» **Dataset section**:

────────

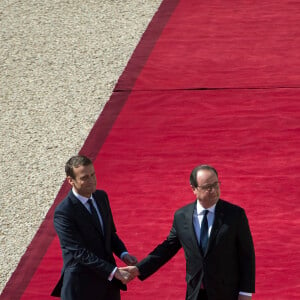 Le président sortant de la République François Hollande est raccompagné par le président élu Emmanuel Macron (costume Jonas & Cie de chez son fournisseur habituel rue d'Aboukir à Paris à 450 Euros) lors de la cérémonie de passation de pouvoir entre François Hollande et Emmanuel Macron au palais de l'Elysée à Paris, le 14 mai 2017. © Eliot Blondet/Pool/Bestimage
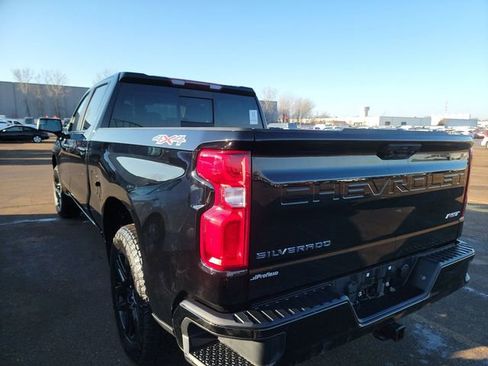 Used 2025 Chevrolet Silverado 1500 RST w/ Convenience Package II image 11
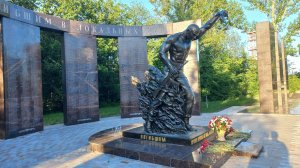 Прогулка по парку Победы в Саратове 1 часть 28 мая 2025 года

────────

» **Exercise**: Reproduce nothing but the lines from the line containing "Used 2025 Chevrolet" through the last line of the data above, exactly as written and without pictures.

» **Written answer**:
 Used 2025 Chevrolet Silverado 1500 RST w/ Convenience Package II image 11
 Прогулка по парку Победы в Саратове 1 часть 28 мая 2025 года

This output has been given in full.